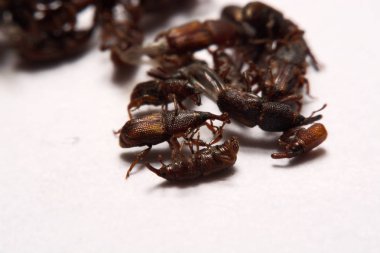 Yetişkin pirinç w izole weevils (Sitophilus oryzae), yakın çekim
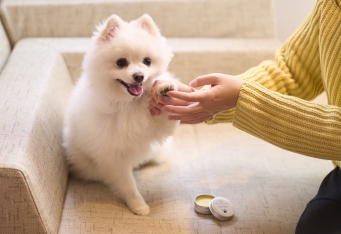 愛犬の冬の保湿ケアに「肉球クリームづくり」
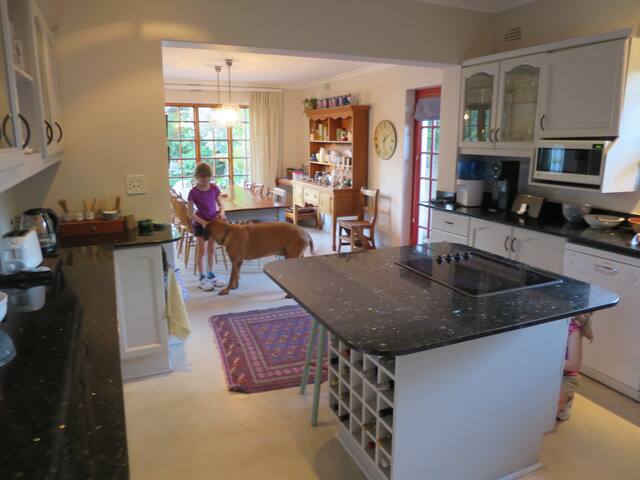 Cape Town family home with lovely garden. gallery image 4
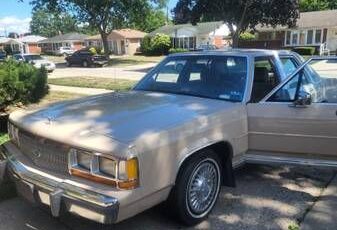 Ford-Ltd-1989-Tan-Gray-10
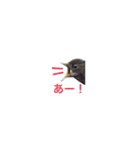 みんなよ鳥フォトLINEスタンプ②（個別スタンプ：1）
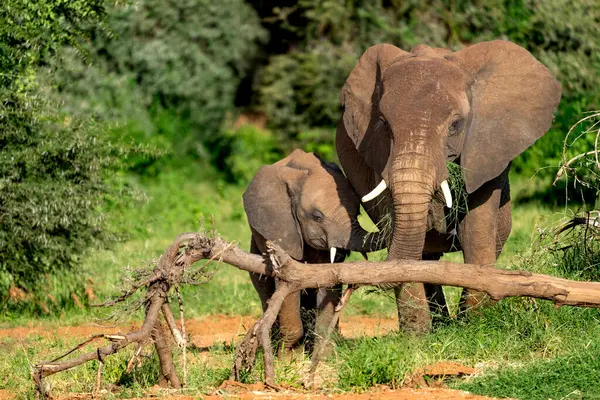 stock image elephant in Samburu national park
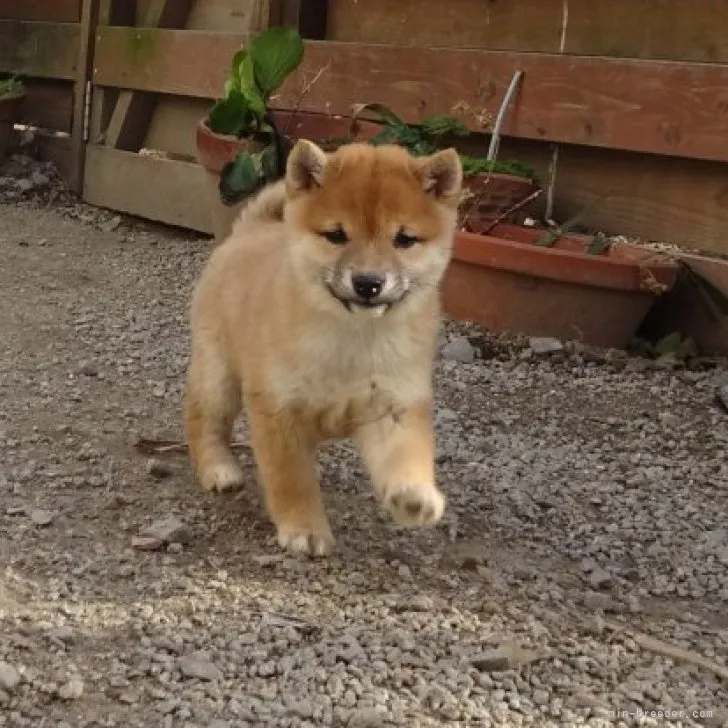 Ｓ.Ｔ 様のお迎えした子犬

————————

▶ The task
The answer must be the listing above, restated word for word, with no images in it.

▶ Answer to the problem
 Yetişkin pirinç w izole weevils (Sitophilus oryzae), yakın çekim
 愛犬の冬の保湿ケアに「肉球クリームづくり」
 Cape Town family home with lovely garden. gallery image 4
 Ford-Ltd-1989-Tan-Gray-10
 みんなよ鳥フォトLINEスタンプ②（個別スタンプ：1）
 stock image elephant in Samburu national park
 Ｓ.Ｔ 様のお迎えした子犬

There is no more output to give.